I don't watch Doctor Who but that is a great article.

This bit particularly resonated: "But, then, BBC Studios made the classic embarrassing middle-aged error of assuming a loud, small group of young people are representative of all young people."

This is rife not just across the BBC but across many of our organisations, including the Labour Party.

Goosefoot · 27/12/2019 03:12

I really was not keen on the lesbian lizard lady. That whole set of storylines, they did't make a lot of sense, and they didn't seem possible. Which seems like a weird thing, but if I compare it say to the first new episode, with the living plastic mannikins - that seemed plausible. Crazy alien plastic coming alive in modern London. I had a formative experience as a child when I tried to shake hands with a mannikin and the hand came off - that episode was the stuff of nightmares for me.

But lizard ladies and dinosaurs in Victorian London - that's the past, right? We'd have heard of that.
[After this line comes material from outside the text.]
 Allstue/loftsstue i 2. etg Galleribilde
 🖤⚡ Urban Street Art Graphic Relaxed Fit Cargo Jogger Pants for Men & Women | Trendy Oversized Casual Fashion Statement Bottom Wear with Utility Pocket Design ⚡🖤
Pandering to the hardcore fanbase landed us with the Matt Smith era; overly-complicated stories written purely for geeks where the casual viewer had to wait to hear Smith's last-minute explanation to understand what the hell had happened in the previous hour.

I was a pretty dedicated viewer though not a "fan" I tuned in reliably every week. And I usually like complicated, even slow plotting, and plots that extend over seasons rather than being very episodic. But many of those episodes confused the hell out of me, and the series were very over-written, disappearing up their own arses. It seemed toward the end that they was nothing ever really new or different it was all completely self-referential, like a sort of black hole crushed it all down into a tiny speck.

I think I watched the first Carpaldi season and then I said enough is enough.

Goosefoot · 27/12/2019 03:17

I thought the writer's perception that some fans felt the stories were there to serve a moral purpose was interesting.

I've noticed this a lot, you can't have a story that's morally ambiguous these days. Actually I am thinking too about the other discussion about A Christmas Carol, and I think that comes into this sense that people have that stories in film and books are being used as social activism more than real storytelling, be it in terms of casting, or including social issues in the plot, whatever.